News/Research

Ken Goldberg and the Multiplicity at Tata Communication Summit

18 Jul, 2016

Ken Goldberg and the Multiplicity at Tata Communication Summit

Ken Goldberg, EECS professor and automaton extraordinaire, presented at Tata Communications's CEO Summit earlier this July in Ascot, UK. The summit is an exclusive event for a select group of CEOs from a wide range of sectors lead by global thought leaders. The theme of the 2016 Summit was "artificial intelligence meets emotional intelligence," with the thought that industry is bound to fulfill the potential that AI holds while safeguarding against it's disruptions. With this in mind, the summit pulled 50 CEOs from finance, manufacturing, energy, distribution and technology to hear AI experts speak.

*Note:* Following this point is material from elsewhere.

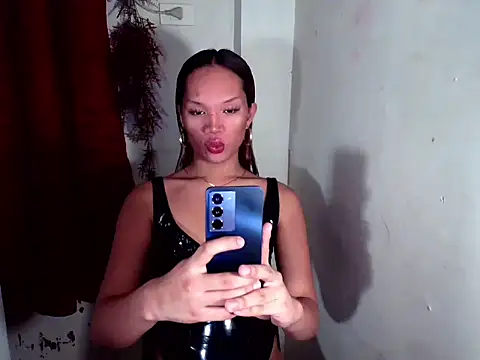 Snapshot of amandareddragon chatting on October 24, 2025, 4:22 am amandareddragon online show from October 24, 2025, 4:22 am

Ken, who serves as the Director of the People and Robots Initiative (a CITRIS multicampus multidisciplinary research program established in April 2015) and UC Berkeley's Automation Sciences Research Lab (since 1995), spoke on "Multiplicity: Combining the Power of People and Machines" and also reviewed three books sensationalizing 'the singularity'. The singularity is the hypothetical event when a self-upgrading intelligent agent hits an intelligence explosion and surpasses human abilities. This is assumed to be the end of the human era. While AI and robots are becoming more capable, they are not threatening such an event. In the meantime, the rhetoric of such a future distracts from the growing trend of human and machine collaboration.

Ken proposed instead a focus on 'the multiplicity.' Multiplicity combines machine learning, the wisdom of crowds, and cloud computing — people are essential to it. Multiplicity characterizes an emerging category of intelligent systems where diverse groups of people interact with diverse groups of machines to solve problems like searching for documents, filtering out spam emails, translating between languages, recommending news and movies, driving cars, and interpreting photos and videos.